**Exercise details:**
Every line in the data below from the one containing "Astepro Nasal Spray" down to the one containing "VirtuFit Kettlebell Pro", both included, must be retyped exactly; no other line is to appear.
- Opening Delimiter -
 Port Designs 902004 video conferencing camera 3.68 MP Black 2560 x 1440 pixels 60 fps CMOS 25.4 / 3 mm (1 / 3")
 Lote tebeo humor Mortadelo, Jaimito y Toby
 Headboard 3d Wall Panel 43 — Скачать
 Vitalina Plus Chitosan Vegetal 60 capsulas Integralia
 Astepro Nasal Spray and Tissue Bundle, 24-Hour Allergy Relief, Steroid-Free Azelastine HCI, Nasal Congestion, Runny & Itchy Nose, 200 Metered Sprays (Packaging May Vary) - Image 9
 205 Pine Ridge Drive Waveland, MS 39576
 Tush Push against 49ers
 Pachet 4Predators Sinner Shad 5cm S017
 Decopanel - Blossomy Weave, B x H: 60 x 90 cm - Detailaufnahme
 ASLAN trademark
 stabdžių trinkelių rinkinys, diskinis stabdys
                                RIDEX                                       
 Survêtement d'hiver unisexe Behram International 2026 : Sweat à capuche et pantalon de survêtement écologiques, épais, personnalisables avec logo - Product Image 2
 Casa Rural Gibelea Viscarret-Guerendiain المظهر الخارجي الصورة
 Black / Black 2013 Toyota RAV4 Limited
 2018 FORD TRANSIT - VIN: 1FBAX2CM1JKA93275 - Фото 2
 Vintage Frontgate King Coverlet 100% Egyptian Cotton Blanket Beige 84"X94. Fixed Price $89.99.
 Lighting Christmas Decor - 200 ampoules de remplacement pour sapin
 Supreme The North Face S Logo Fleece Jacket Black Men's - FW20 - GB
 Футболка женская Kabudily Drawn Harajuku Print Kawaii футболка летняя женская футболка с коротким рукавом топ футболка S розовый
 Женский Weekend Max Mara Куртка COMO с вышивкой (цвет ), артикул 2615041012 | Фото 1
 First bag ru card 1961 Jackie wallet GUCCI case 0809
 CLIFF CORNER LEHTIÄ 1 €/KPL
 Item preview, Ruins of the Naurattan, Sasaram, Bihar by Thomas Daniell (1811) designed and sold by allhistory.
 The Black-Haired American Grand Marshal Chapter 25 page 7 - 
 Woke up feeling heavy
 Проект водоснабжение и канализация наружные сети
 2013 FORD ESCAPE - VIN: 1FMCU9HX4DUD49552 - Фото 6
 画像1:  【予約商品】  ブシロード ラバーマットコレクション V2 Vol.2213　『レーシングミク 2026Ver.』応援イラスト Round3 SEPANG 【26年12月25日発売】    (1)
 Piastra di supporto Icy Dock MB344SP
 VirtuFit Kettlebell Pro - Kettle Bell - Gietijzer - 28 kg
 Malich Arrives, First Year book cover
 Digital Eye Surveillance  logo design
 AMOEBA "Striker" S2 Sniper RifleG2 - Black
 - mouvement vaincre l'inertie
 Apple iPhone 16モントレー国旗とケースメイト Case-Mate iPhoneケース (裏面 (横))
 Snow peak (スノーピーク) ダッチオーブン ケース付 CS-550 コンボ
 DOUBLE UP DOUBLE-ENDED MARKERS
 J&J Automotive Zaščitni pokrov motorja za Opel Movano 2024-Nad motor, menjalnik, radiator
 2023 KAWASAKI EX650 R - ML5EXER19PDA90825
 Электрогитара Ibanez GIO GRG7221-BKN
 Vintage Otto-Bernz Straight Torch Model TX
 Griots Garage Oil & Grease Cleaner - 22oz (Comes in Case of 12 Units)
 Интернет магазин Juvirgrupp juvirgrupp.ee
- Closing Delimiter -
**Finished exercise:**
 Astepro Nasal Spray and Tissue Bundle, 24-Hour Allergy Relief, Steroid-Free Azelastine HCI, Nasal Congestion, Runny & Itchy Nose, 200 Metered Sprays (Packaging May Vary) - Image 9
 205 Pine Ridge Drive Waveland, MS 39576
 Tush Push against 49ers
 Pachet 4Predators Sinner Shad 5cm S017
 Decopanel - Blossomy Weave, B x H: 60 x 90 cm - Detailaufnahme
 ASLAN trademark
 stabdžių trinkelių rinkinys, diskinis stabdys
                                RIDEX                                       
 Survêtement d'hiver unisexe Behram International 2026 : Sweat à capuche et pantalon de survêtement écologiques, épais, personnalisables avec logo - Product Image 2
 Casa Rural Gibelea Viscarret-Guerendiain المظهر الخارجي الصورة
 Black / Black 2013 Toyota RAV4 Limited
 2018 FORD TRANSIT - VIN: 1FBAX2CM1JKA93275 - Фото 2
 Vintage Frontgate King Coverlet 100% Egyptian Cotton Blanket Beige 84"X94. Fixed Price $89.99.
 Lighting Christmas Decor - 200 ampoules de remplacement pour sapin
 Supreme The North Face S Logo Fleece Jacket Black Men's - FW20 - GB
 Футболка женская Kabudily Drawn Harajuku Print Kawaii футболка летняя женская футболка с коротким рукавом топ футболка S розовый
 Женский Weekend Max Mara Куртка COMO с вышивкой (цвет ), артикул 2615041012 | Фото 1
 First bag ru card 1961 Jackie wallet GUCCI case 0809
 CLIFF CORNER LEHTIÄ 1 €/KPL
 Item preview, Ruins of the Naurattan, Sasaram, Bihar by Thomas Daniell (1811) designed and sold by allhistory.
 The Black-Haired American Grand Marshal Chapter 25 page 7 - 
 Woke up feeling heavy
 Проект водоснабжение и канализация наружные сети
 2013 FORD ESCAPE - VIN: 1FMCU9HX4DUD49552 - Фото 6
 画像1:  【予約商品】  ブシロード ラバーマットコレクション V2 Vol.2213　『レーシングミク 2026Ver.』応援イラスト Round3 SEPANG 【26年12月25日発売】    (1)
 Piastra di supporto Icy Dock MB344SP
 VirtuFit Kettlebell Pro - Kettle Bell - Gietijzer - 28 kg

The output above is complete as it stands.